Not that long ago, this neighbourhood was a no-go zone in the world’s most dangerous city. Today, it’s a tourist hotspot where Spanish speaking souvenir sellers saturate the sidewalks. Not being one for trinkets, I give them my “Nah, you’re alright” face and have a look around. If the subjective stars align, my memento will be photographic.
Comuna 13 (in the San Javier district of Medellín) is a hillside barrio where creative expression rules the day. Street artists, rappers, and breakdancers do their thing, and pop-up bars give the place a youthful vibe. My camera has lost its usual smell of papaya. And I snap away without constraint. But it’s a daylight delimitation – local knowledge says things still get dicey after dark.
The music is loud and Colombian. Bodies move quickly, synchronising for split seconds and an overly affectionate T-shirt dances in what used to be a murder capital. I’m struck by the juxtaposition and move in for a close-up. Angles are tight, and the background is busy. Empanada flavours waft over from a nearby van, and the mid-afternoon sun increases the tonal range. Isolating subjects is not easy amid the clutter and the chaos. I squat down to fire off a few frames. Heads rise above the horizon. And there it was, my photograph.

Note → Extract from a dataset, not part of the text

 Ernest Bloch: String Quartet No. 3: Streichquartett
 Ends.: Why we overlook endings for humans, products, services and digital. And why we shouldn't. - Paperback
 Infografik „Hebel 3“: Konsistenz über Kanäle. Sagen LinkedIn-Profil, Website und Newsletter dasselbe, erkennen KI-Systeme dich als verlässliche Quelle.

Instinctively, I know when I’ve captured something meaningful to me. It’s the photographic equivalent of scoring a goal. You know it’s in – the moment your finger releases the shutter. But no photograph has any meaning other than the meaning we choose to give it. So understanding the impulse that drives my preferences takes some reflection.

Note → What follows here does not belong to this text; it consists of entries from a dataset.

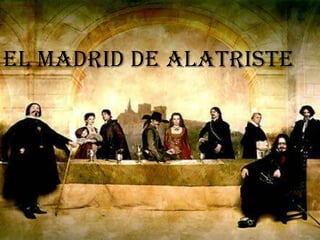 EL MADRID DE ALATRISTE
 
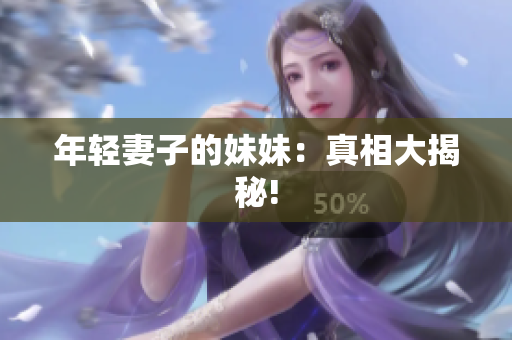 年轻妻子的妹妹：真相大揭秘!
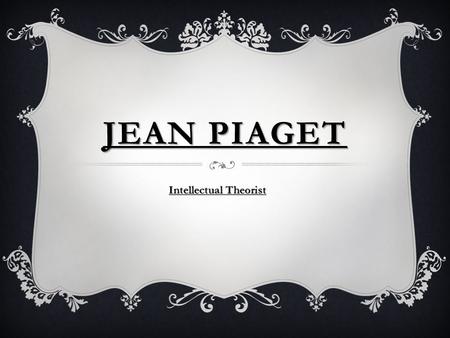 JEAN PIAGET Intellectual Theorist. A CHILD THINKS IN STAGES  Sensorimotor stage  Preoperational stage  Concrete operations stage  Formal operations.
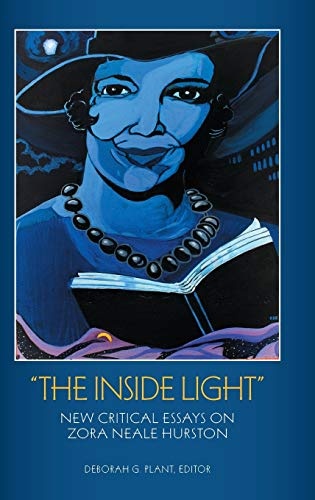 "The Inside Light": New Critical Essays on Zora Neale Hurston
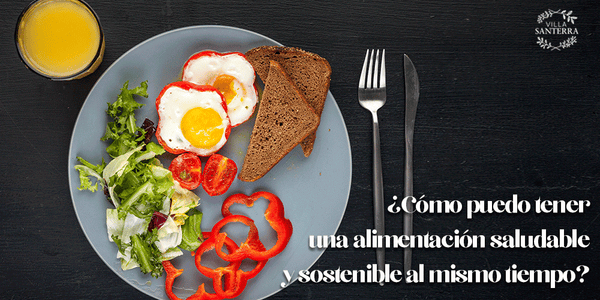 ¿Cómo puedo tener una alimentación saludable y sostenible al mismo tiempo?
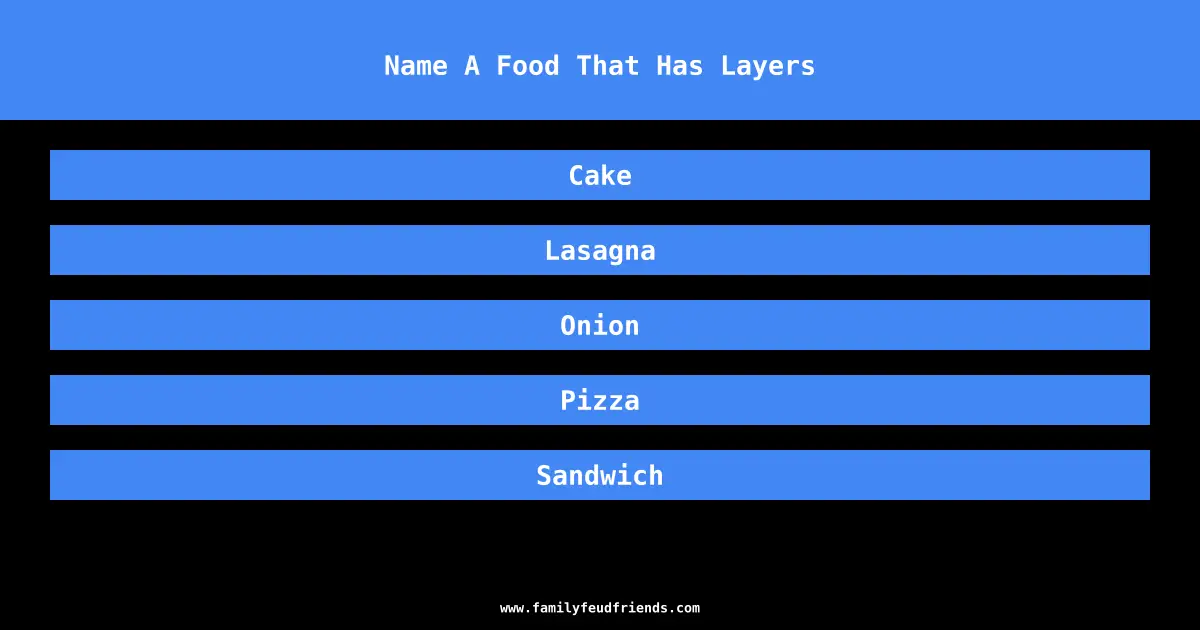 Name A Food That Has Layers answer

On the streets where Pablo Escobar recruited teenage hitmen, the contrasting message on that T-shirt plays on my mind. I draw parallels with modern times. The exploitation of fear as a means of control is a well-worn tactic for governments and their accomplices in the media. But participation is optional. And the younger generation, with less to lose, often lead the way.
The causal chain runs deep for us photographers. Maybe it’s about hope.